On my way to L&M and will check the Ditto! Going to pick up my Parker! I missed like a mother misses her children! My SG just doesn't cut it! Also going to check out some used guitars!


----------



## JBFairthorne (Oct 11, 2014)

I can recall many times, you mentioning your current pedals/guitars but very little sticks in my mind about your amp situation (other than you saying how much you love some of your jam studio's amps). Have you considered maybe getting a nice used tube amp from L&M rather than a looper or that (unlikely to ever see used) purple LP? Not trying to derail your thread but I get the impression that amplification may be the weak link in your chain of goodies. It would be more than a looper, but certainly much less than a $1500 - $2000 guitar. Hell, you could probably get a new Orange you love within that guitar budget.


----------



## Lola (Nov 16, 2014)

JBFairthorne said:


> I can recall many times, you mentioning your current pedals/guitars but very little sticks in my mind about your amp situation (other than you saying how much you love some of your jam studio's amps). Have you considered maybe getting a nice used tube amp from L&M rather than a looper or that (unlikely to ever see used) purple LP? Not trying to derail your thread but I get the impression that amplification may be the weak link in your chain of goodies. It would be more than a looper, but certainly much less than a $1500 - $2000 guitar. Hell, you could probably get a new Orange you love within that guitar budget.


Yes I thought of getting an amp too! I want everything. Don't we all! Lol I actually start a part time job next week! All the money I make is earmarked for GAS.


----------



## doriangrey (Mar 29, 2011)

Chito said:


> Just consider it like a regular pedal and put it last on your chain.
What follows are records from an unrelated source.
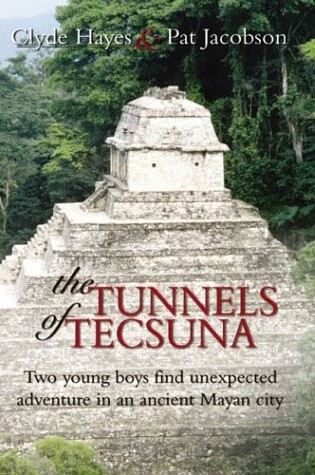 Cover of Tunnels of Tecsuna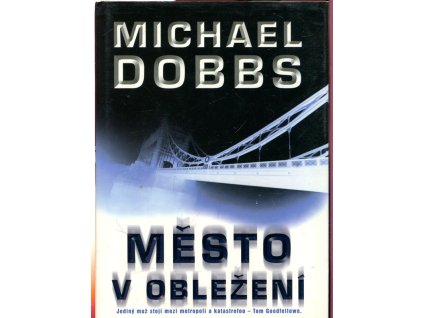 Město v obležení, Michael Dobbs, 2002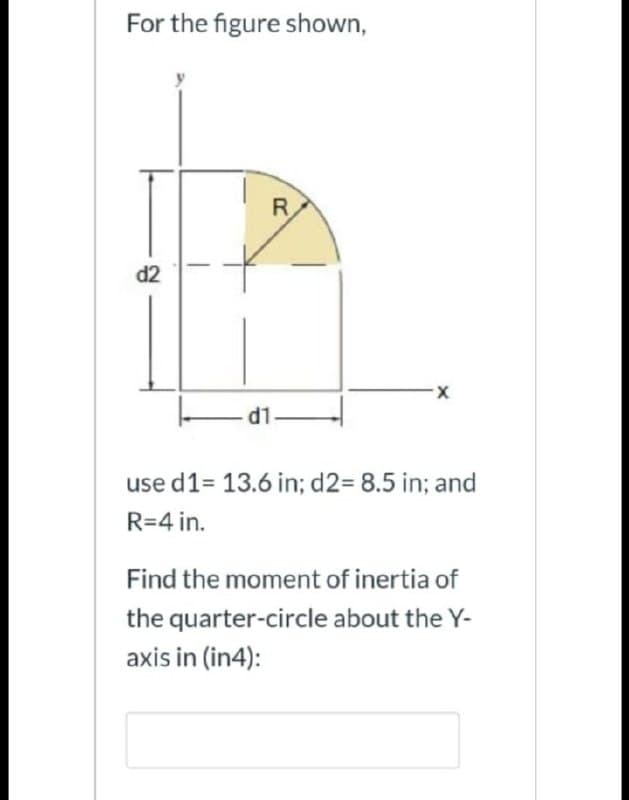 For the figure shown,
R
d2
X-
- 1.
use d1= 13.6 in; d2= 8.5 in; and
R=4 in.
Find the moment of inertia of
the quarter-circle about the Y-
axis in (in4):
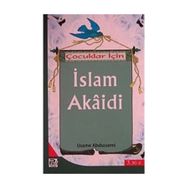 Çocuklar İçin İslam Akaidi - Usame Abdussemi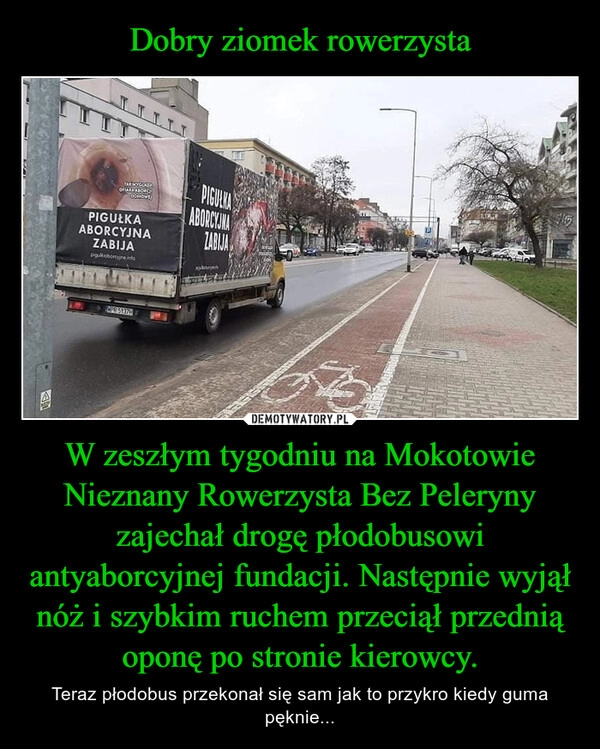 
    Dobry ziomek rowerzysta W zeszłym tygodniu na Mokotowie Nieznany Rowerzysta Bez Peleryny zajechał drogę płodobusowi antyaborcyjnej fundacji. Następnie wyjął nóż i szybkim ruchem przeciął przednią oponę po stronie kierowcy.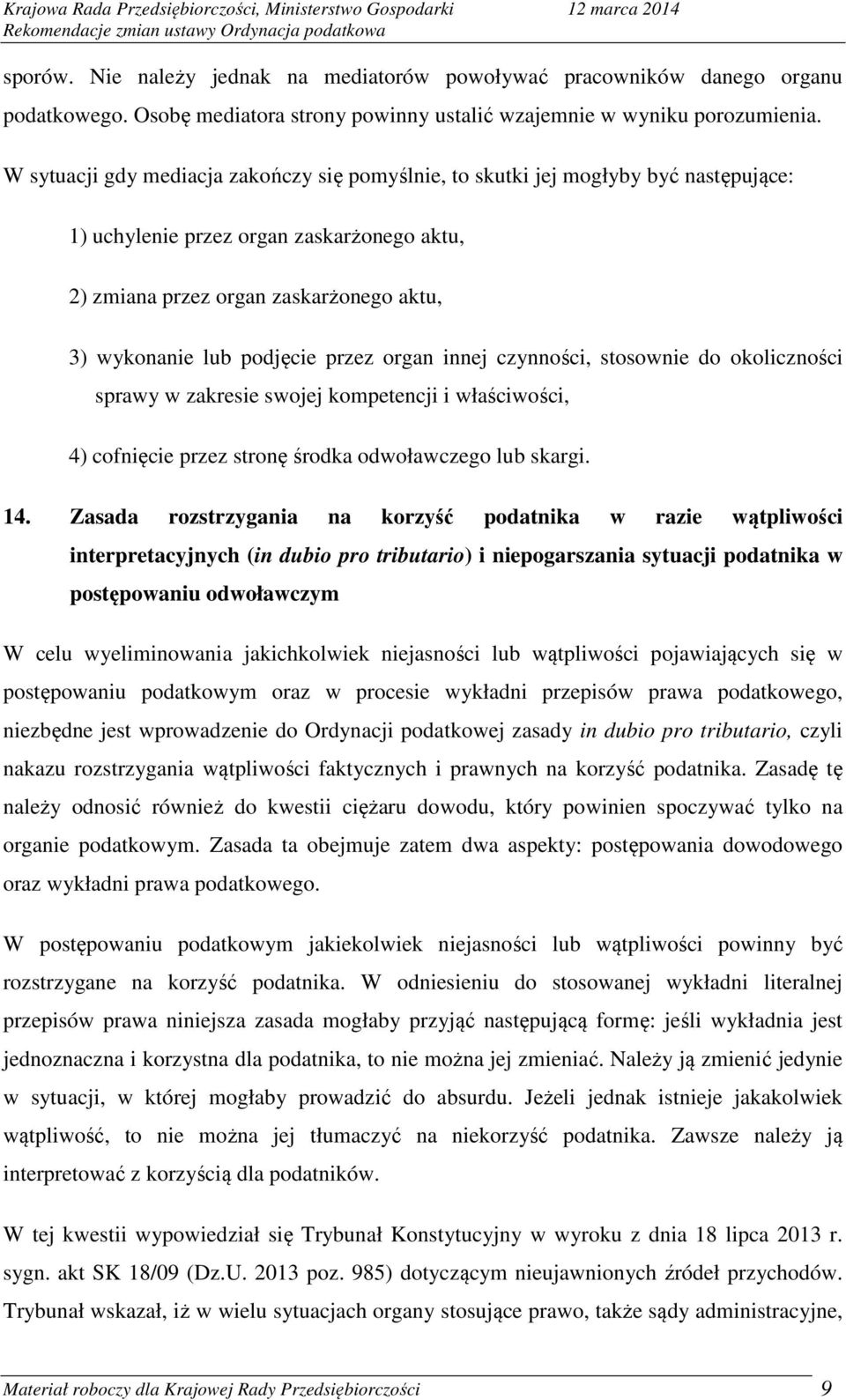 przez organ innej czynności, stosownie do okoliczności sprawy w zakresie swojej kompetencji i właściwości, 4) cofnięcie przez stronę środka odwoławczego lub skargi. 14.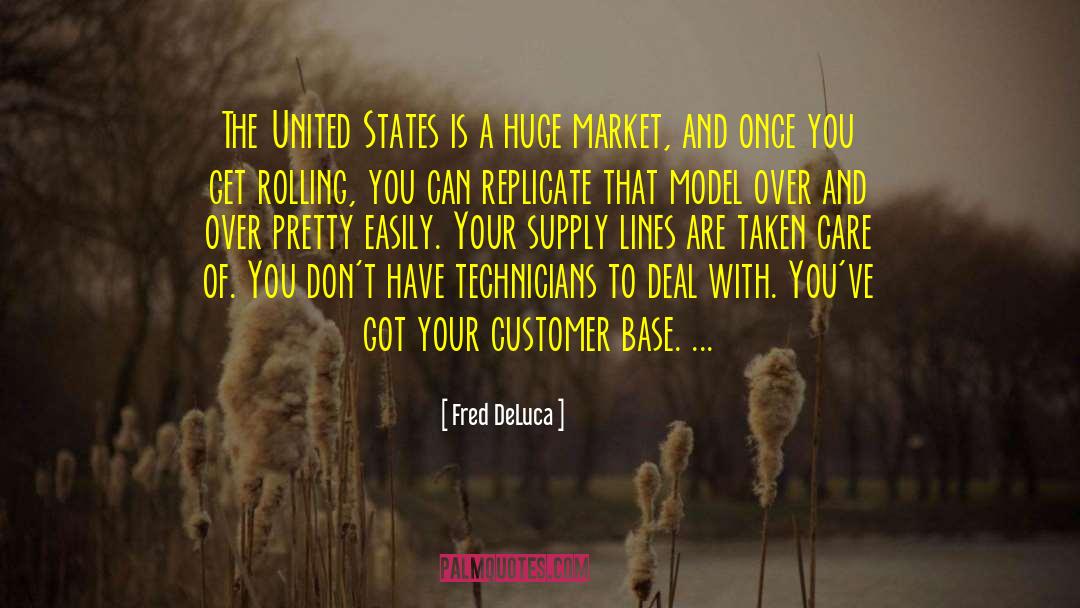 Fred DeLuca Quotes: The United States is a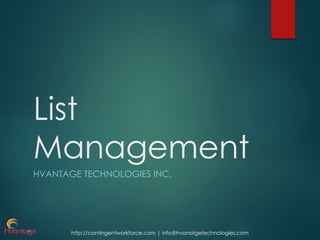 http://contingentworkforce.com | info@hvanatgetechnologies.com
List
Management
HVANTAGE TECHNOLOGIES INC.
 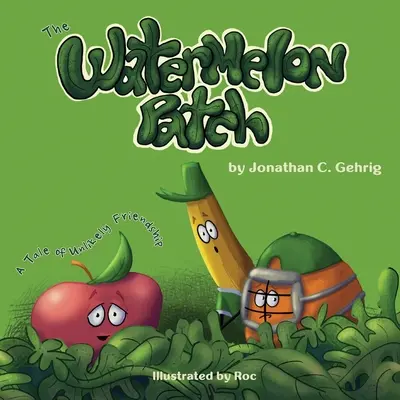 The Watermelon Patch: Príbeh o nepravdepodobnom priateľstve - The Watermelon Patch: A Tale of Unlikely Friendship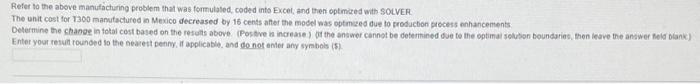 above manufacturing problem that was formulated, coded into Excel, and then optimized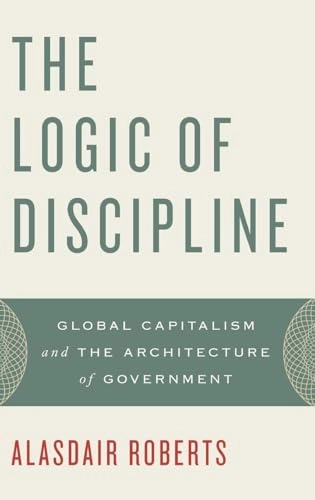 The logic of discipline [Elektronisk resurs] global capitalism and the architecture of government; Alasdair Roberts, Roberts; 2010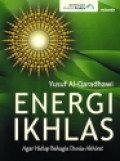 Energi ikhlas: agar hidup bahagia dunia-akhirat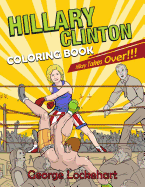 Hillary Clinton Coloring Book: Hillary Takes Over!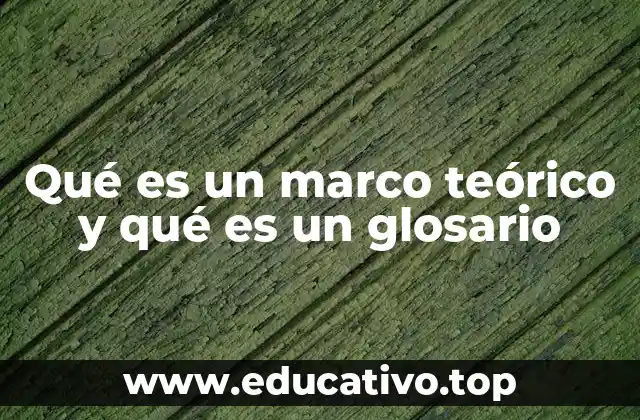 Qué es un marco teórico y qué es un glosario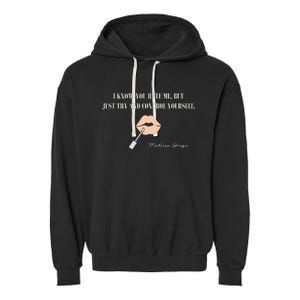 Melissa Gorga I Know You Hate Me But Just Try And Control Yourself Garment-Dyed Fleece Hoodie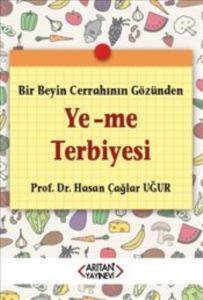 Ye-Me Terbiyesi; Bir Beyin Cerrahının Gözünden - Arıtan Yayınevi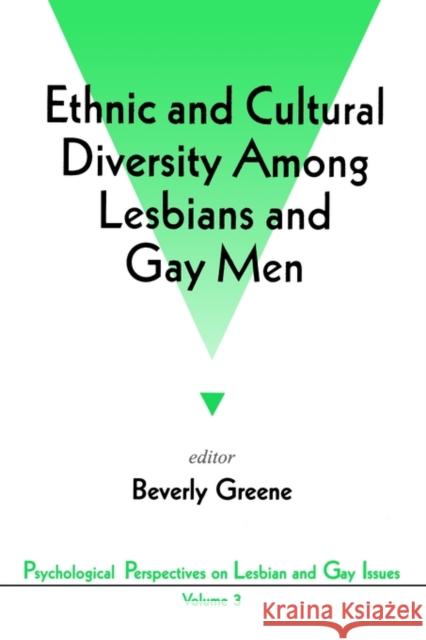 Ethnic and Cultural Diversity Among Lesbians and Gay Men Beverly Greene 9780803953635 Sage Publications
Yup, that's how I use it too. If you have an effects loop on your amp then you should run it through the effects loop keeping it last in the chain if you have other effects in the loop as well. The ditto is easy to use - I don't enjoy complicated music gear (I like to keep things simple) and I had no problems using the Ditto.


----------



## keithb7 (Dec 28, 2006)

I don't need a looper so I have backing tracks. As mentioned there are tons of boring backing tracks on the internet. I actually enjoy playing rhytm and lead guitar. Playing bass also enhances my music experience. Develops my ear and timing even more. Its something different, creative and fun. So yes, sometimes I get into a zone and lose hours creating my own fun backing tracks. Sometimes I come up with a cool rhythm. Click the looper, it's instantly saved. Then I can work on soloing over it. Any key. Any mode or scale, any time. Its creative and fun. No online backing tracks for me. Thx.


----------



## Lola (Nov 16, 2014)

I thought sbout this and mulled it over in my mind for the last couple of days.

JB really brought a good point that it maybe my amp that is the weakest chain in the link.

I have decided to save my money for an amp, a tube amp! The only thing that scares me is I do not know anything about maintenance on one! Time for some homework!

I don't even know how they work.


----------



## Dorian2 (Jun 9, 2015)

I'm so happy with your last post Lola. As many have experienced here, including yourself, the guitar is only 1/2 (give or take) of your overall sound. I'm actually really surprised to hear that you haven't done the amp thing yet, considering all the recommendations of some past threads and posts. I assumed you already picked a decent one up for your sound (Orange? Or has that changed from before?). Just remember the amps are like guitars. You'll most likely either like em, love em, or hate em. I also happen to think that a looper is a good way to go once you have that amp. You can work out a lot of things in your playing with one of those. They're like a metronome. Brutally honest. They don't lie to your ears.


----------



## JBFairthorne (Oct 11, 2014)

Good to hear Lola. Fear not, there's generally little to no maintenance required on a good tube amp, especially in today's (generally) non smoking environment.


----------



## Budda (May 29, 2007)

If you want to know about amps, time to start another thread!


----------



## Lola (Nov 16, 2014)

JBFairthorne said:


> Good to hear Lola. Fear not, there's generally little to no maintenance required on a good tube amp, especially in today's (generally) non smoking environment.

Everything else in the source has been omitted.